Do Metrics for Counterfactual Explanations Align with User Perception?

Imagine you are a chef who just invented a new recipe for a cake. You want to know if people will like it.

The Problem:
Instead of asking people to taste the cake, you decide to judge the recipe using a robot calculator. This robot measures things like:

How many ingredients are in the cake? (Sparsity)
How close is the cake to a standard chocolate cake? (Proximity)
How many different flavors are mixed in? (Diversity)

The robot gives the recipe a score of "9/10" because the math looks perfect. But when you actually serve the cake to real people, they hate it.
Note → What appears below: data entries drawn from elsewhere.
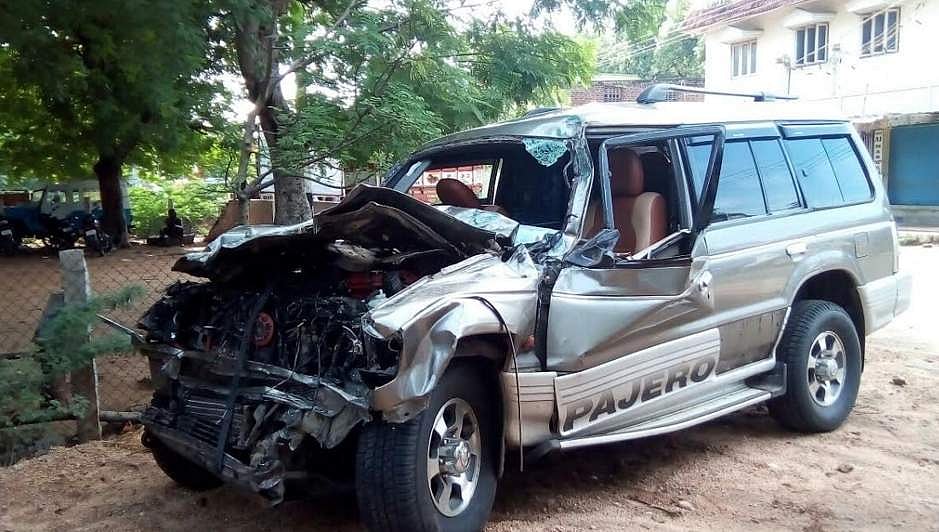 விராலிமலை அருகே விபத்து நேரிட்ட காருக்குள் மரகதலிங்க சிலை: போலீஸார் கைப்பற்றி விசாரணை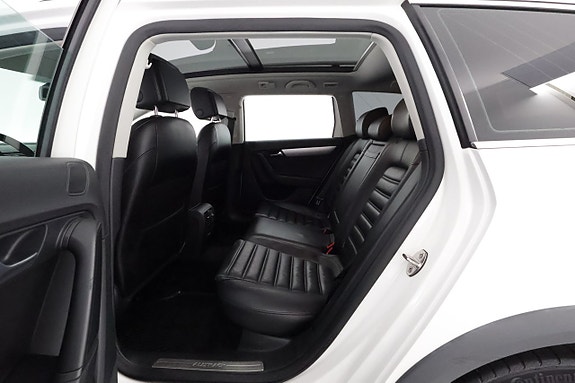 Volkswagen Passat Alltrack 12 of 25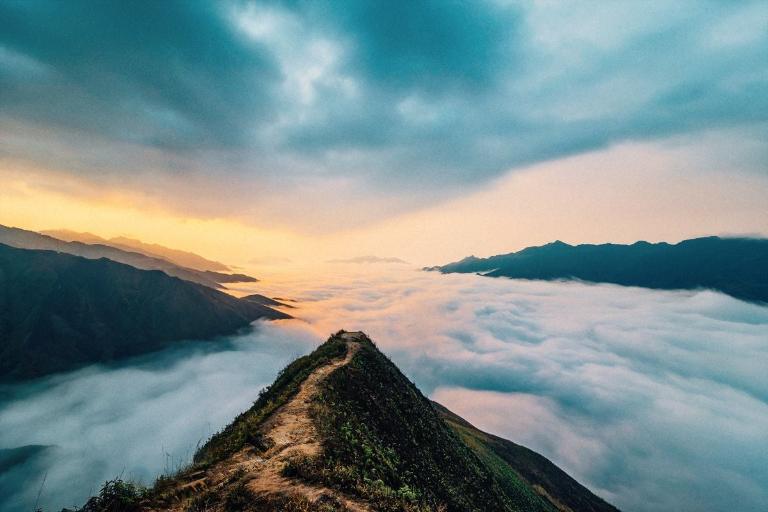 Săn hoàng hôn ở sống lưng khủng long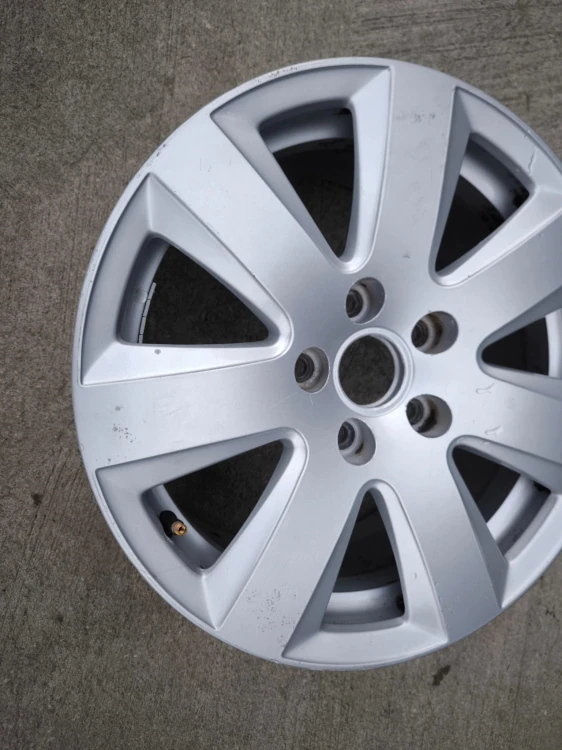 FELGA ALUMINIOWA AUDI A3 A4 A6 VW SKODA 7.5J R16 ET45 4F0601025AJ K*5* OK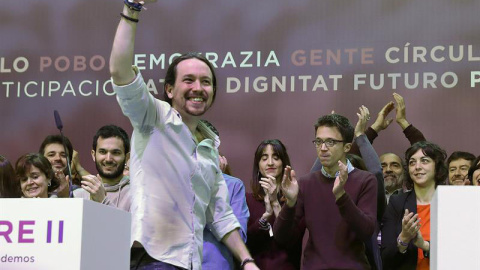 Pablo Iglesias saluda a los asistentes a la Asamblea de Vistalegre II. | BALLESTEROS (EFE)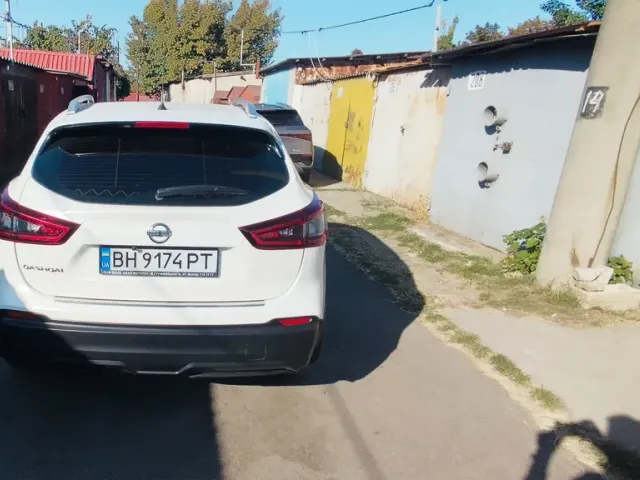 Nissan Qashqai - фото 5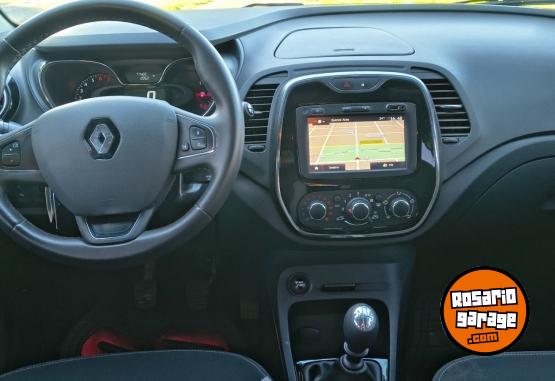 Autos - Renault Captur zen 2.0 2017 Nafta 77000Km - En Venta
They say it's too dry, the flavor is weird, or it's just not satisfying.

The Big Question:
This paper asks: Do the robot's scores actually match what humans think?

The researchers from Bielefeld University wanted to find out if the "mathy" ways we currently measure AI explanations (called Counterfactual Explanations) actually tell us if a human will find the explanation helpful, trustworthy, or easy to understand.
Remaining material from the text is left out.